We got some videos in the pipeline coming up. The video
for “A Couple Dollars” with Joell [Ortiz] is going to come out at some point this week, I think it’s going to be lined up with the actual release date if I’m not mistaken. Then we have three more in the can and not one more out next week. Lot’s a visuals coming up; a behind the scenes documentary coming out. A 10-minute making of the album where we break it down, show us in the lab. A lot of little tools and things with the project.

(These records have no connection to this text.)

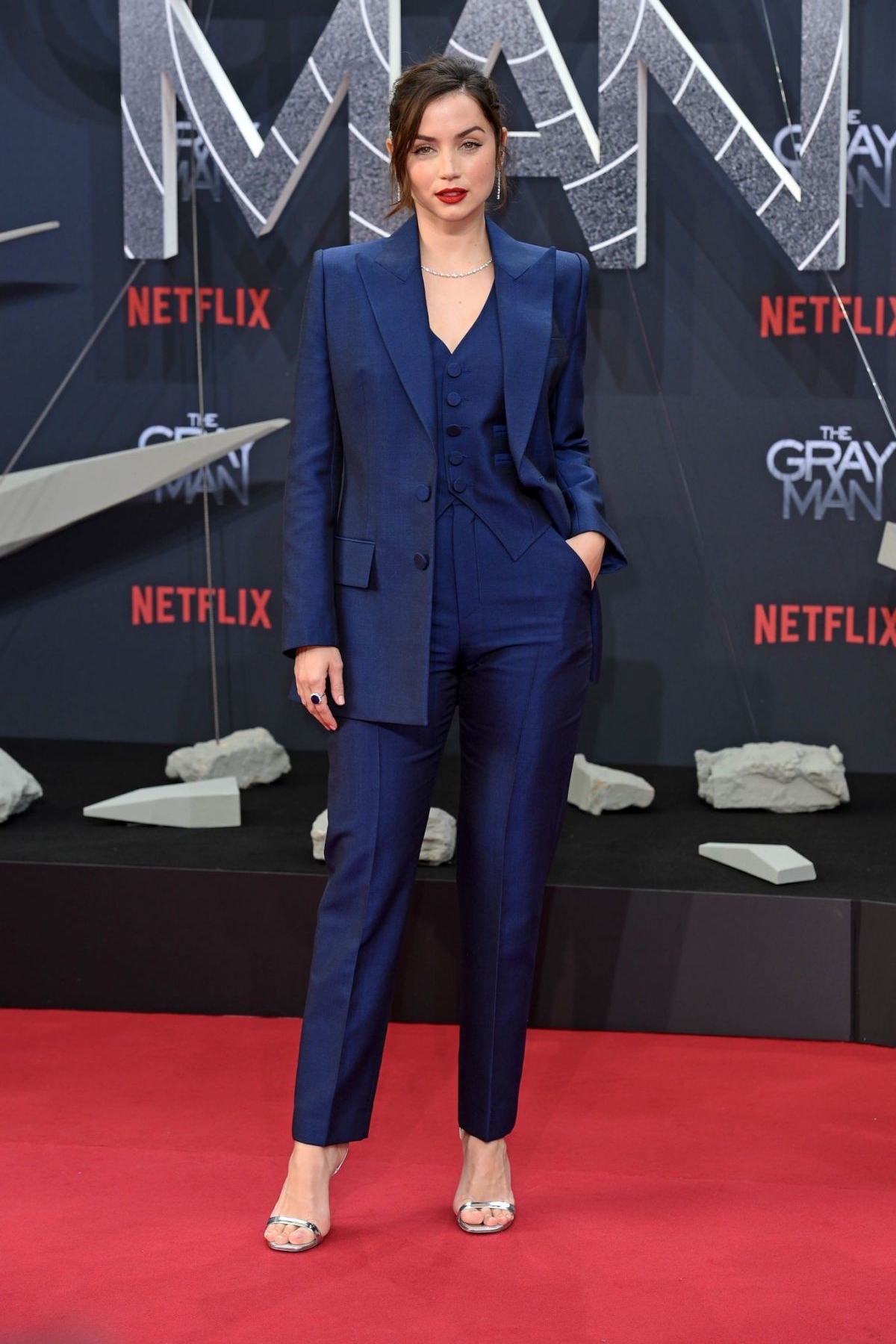 Ana de Armas  wears  Louis Vuitton Suit @ The Gray Man Premiere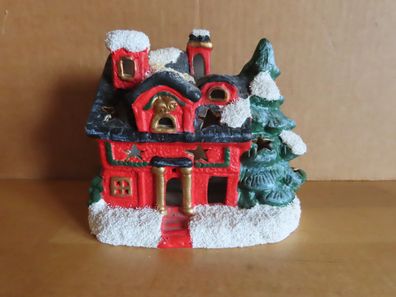 Teelichthaus Windlicht Rotes Haus mit Schnee u. Tannenbaum Keramik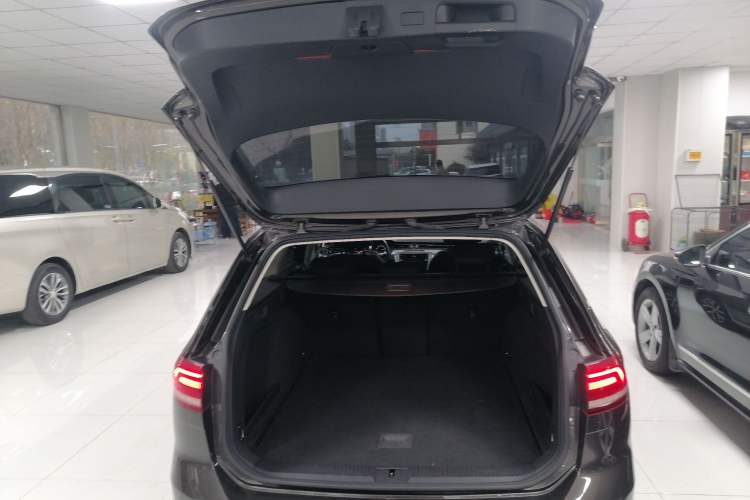 Used Volkswagen Variant 2018 380TSI Two-Wheel Drive Comfort Edition Trunk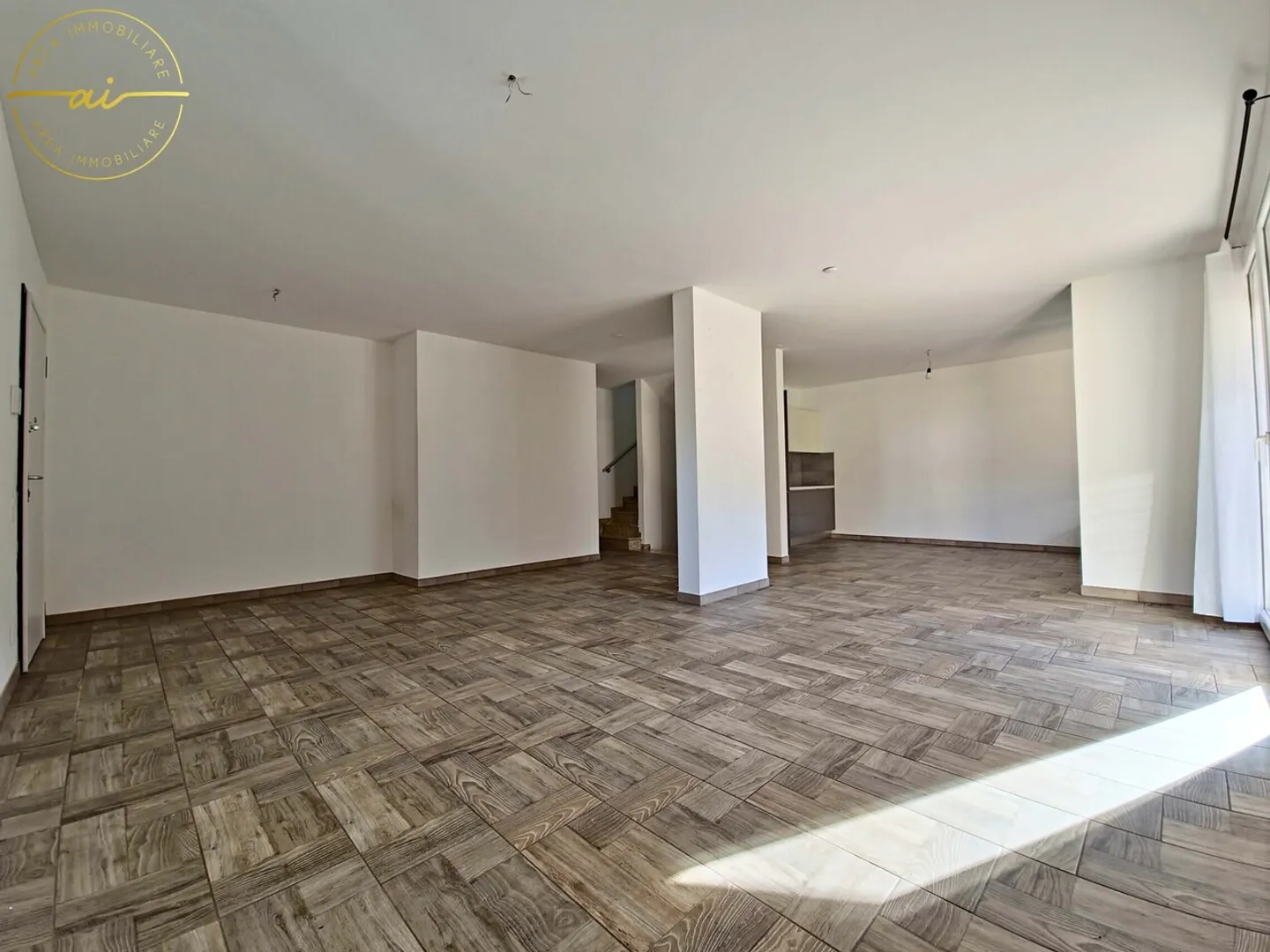 SPLENDIDA CASA DI TESTA CON GIARDINO PRIVATO A CRESCIANO - Foto 5 di 13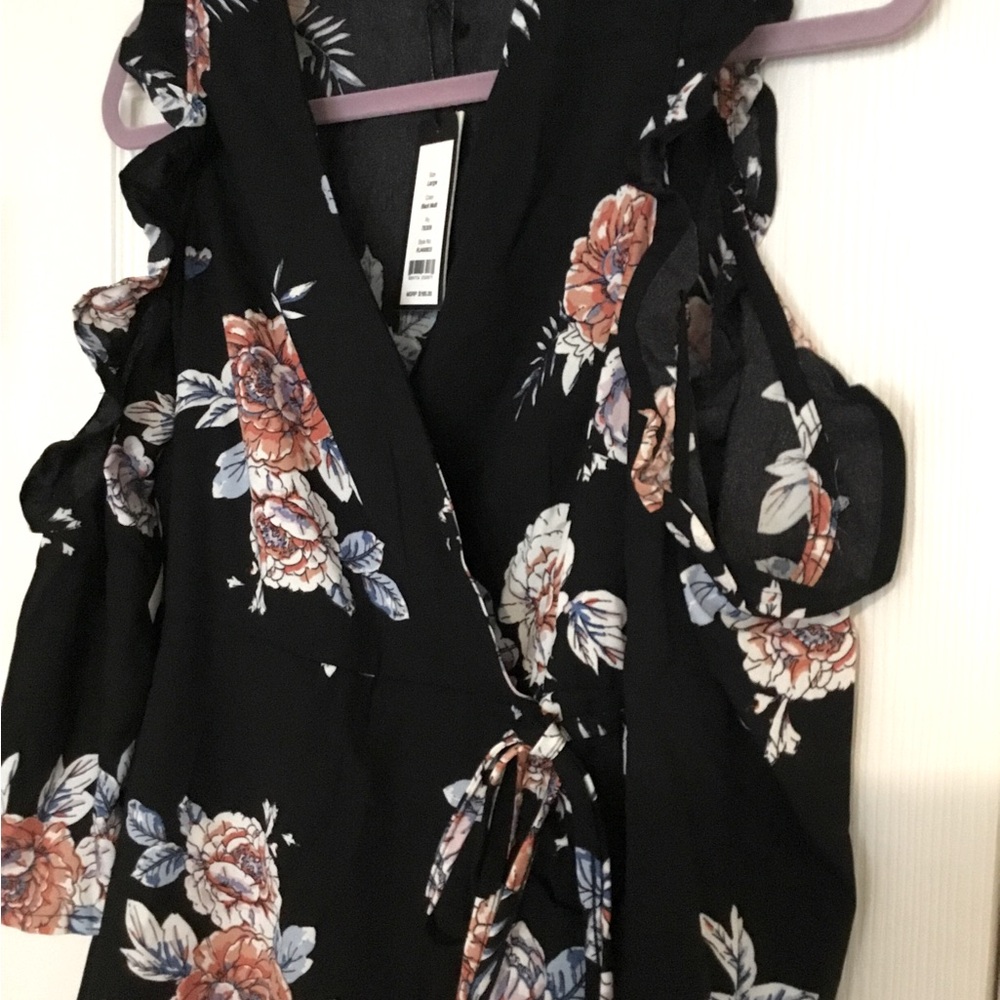 NWT Romeo & Juliet Black Cold Shoulder Gorgeous Black Floral Wrap Dress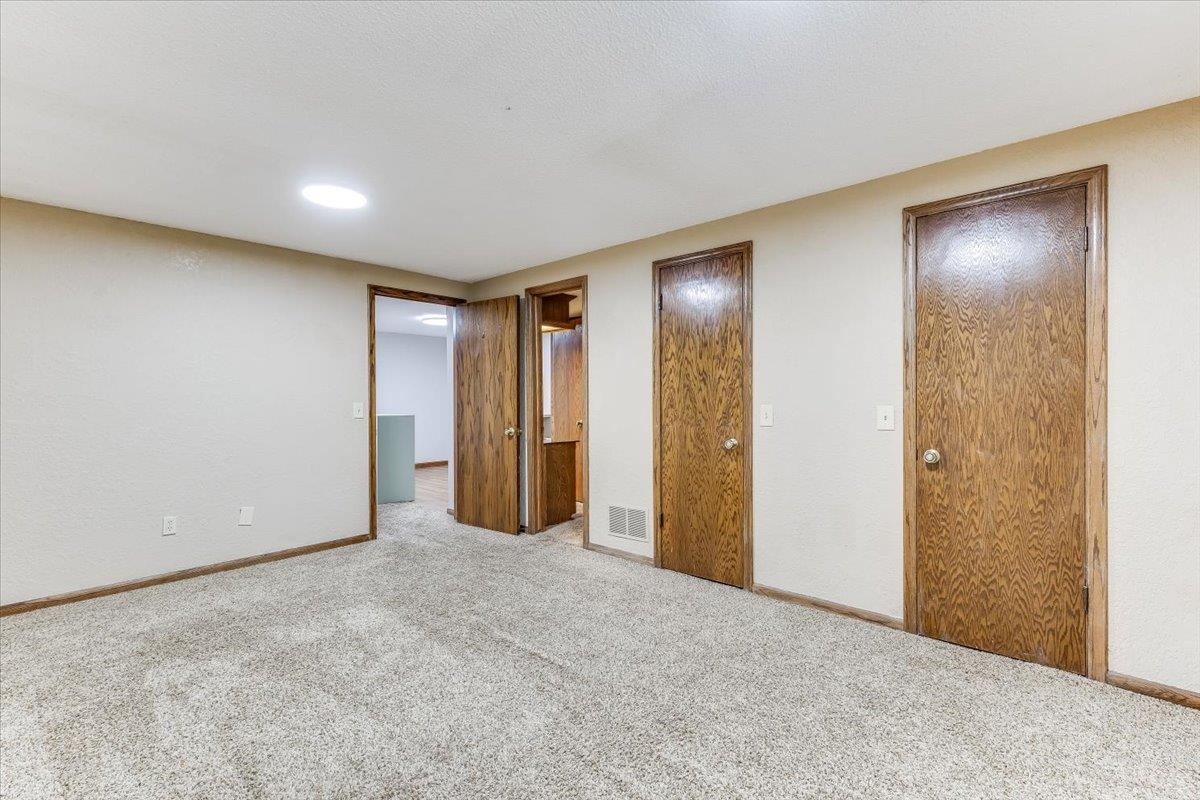 1309 S Bridgewater Drive Property Photo 15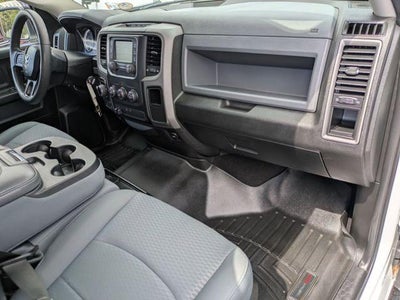 2019 RAM 1500 Classic Express 4x4 Crew Cab 5'7" Box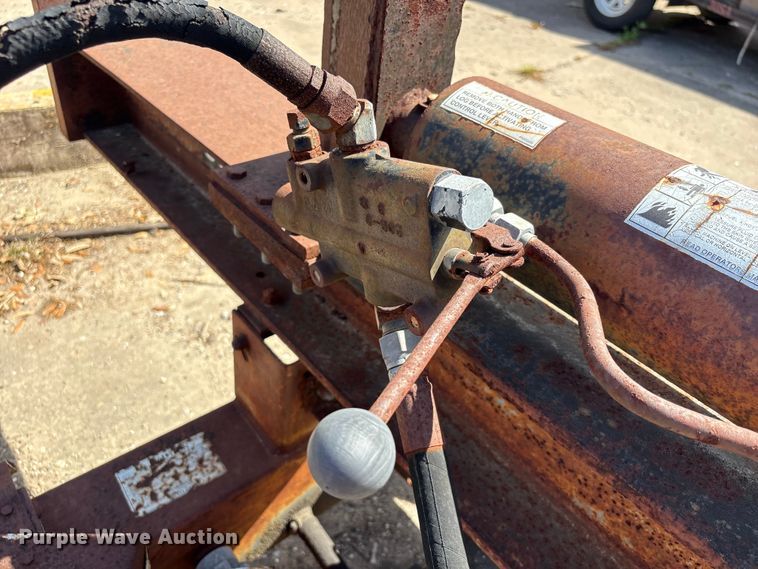 image for item EU7462 Commercial log splitter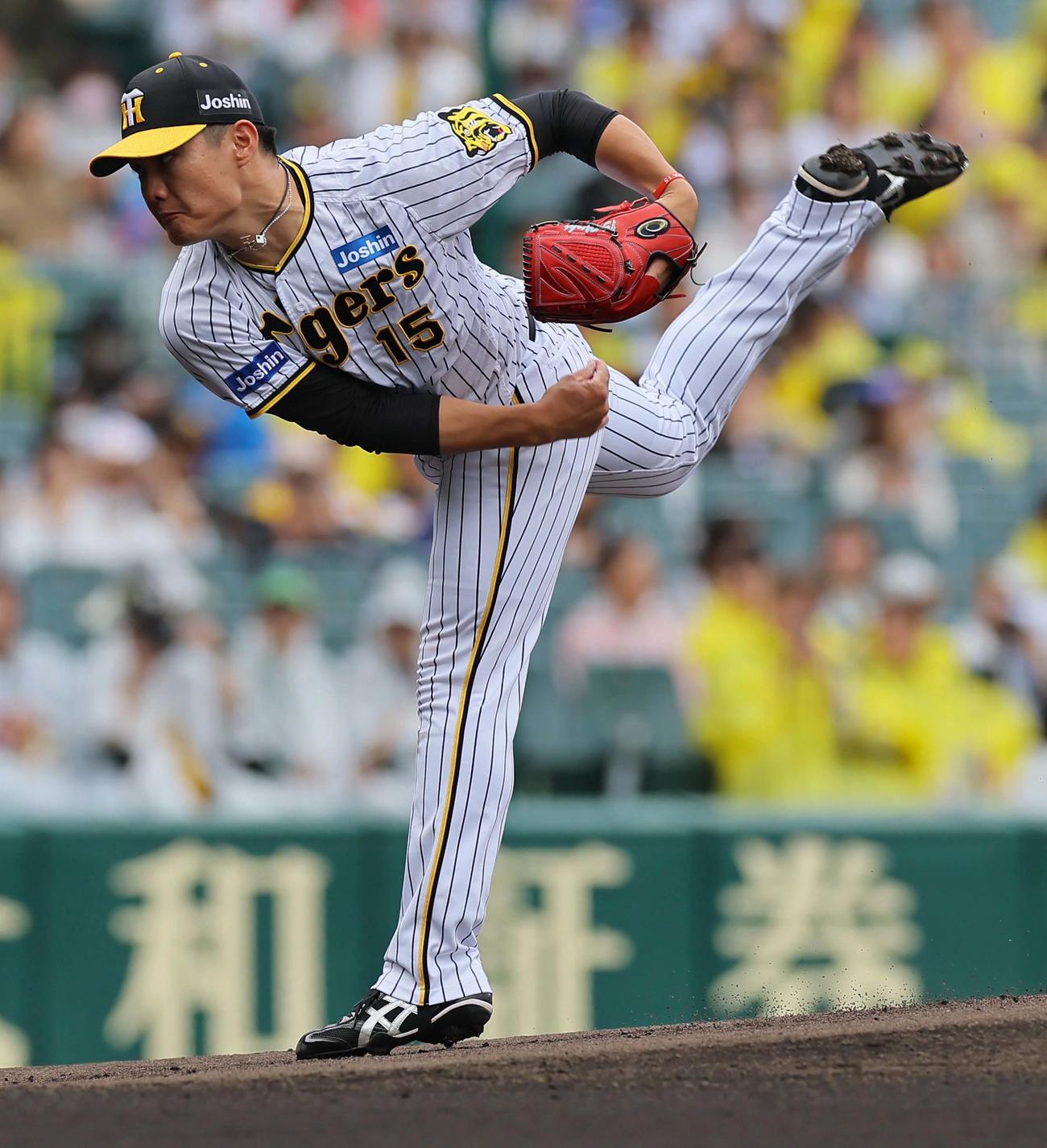 阪神対DeNA　力投する阪神先発の西純（撮影・上田博志）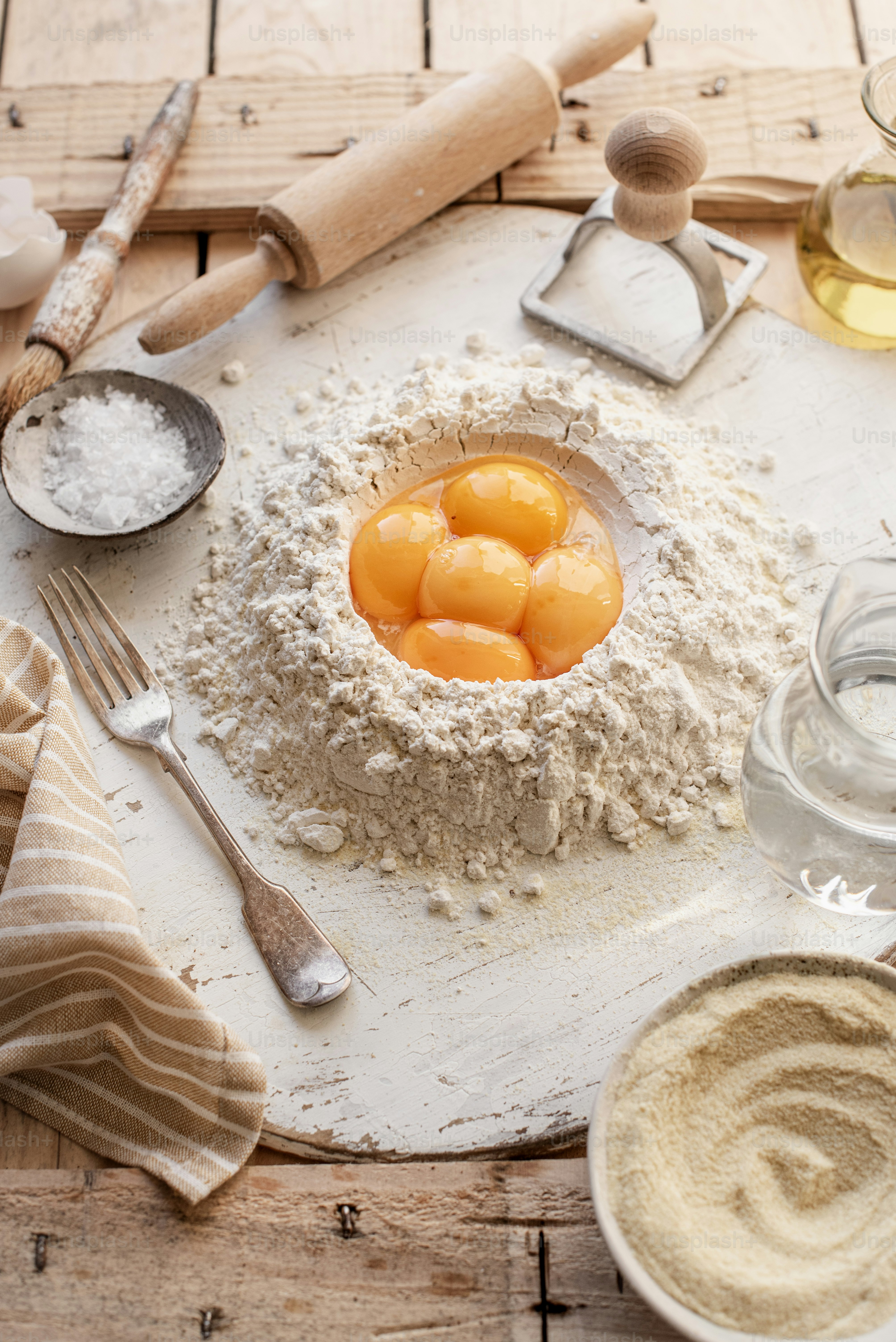 さまざまな種類の食べ物が置かれたテーブル
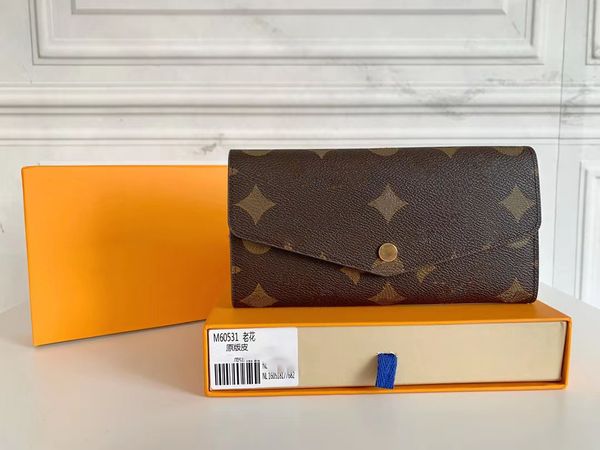 single zipper wallets cardholder france paris alphabet color style luxurys mens women high-end designers with packaging box 60531, Red;black
single zipper wallets cardholder france paris alphabet color style luxurys mens women high-end designers with packaging box 60531, Red;black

And the dope thing about the project is that it’s available in all formats. It’s vinyl, digital, CD, cassette tapes, so nowadays and beyond it gives you certain reflection of what was, which makes people feel good if they were in the what was part of the conversation. 20 years old, you in college. Somebody tweeted me today saying ‘yo I’m so glad you dropping another album this week because it’s right when midterms start and you always hold me down in college. Every year in college you drop an album for me to study to and listen and do what I gotta do in school. This is somebody if they in college, that means they under 23-years-old. You can’t say I’m making old school rap if I’m impacting 22 and 21-year-olds. These guys are the same guys listening to J. Cole, Kendrick Lamar, Drake, Joey Bada$$, and they listening to us. It means more than just being pigeonholed in with what was going on in ’86. I love what was going on in ‘86 because it made us. It made us what we are in 2016.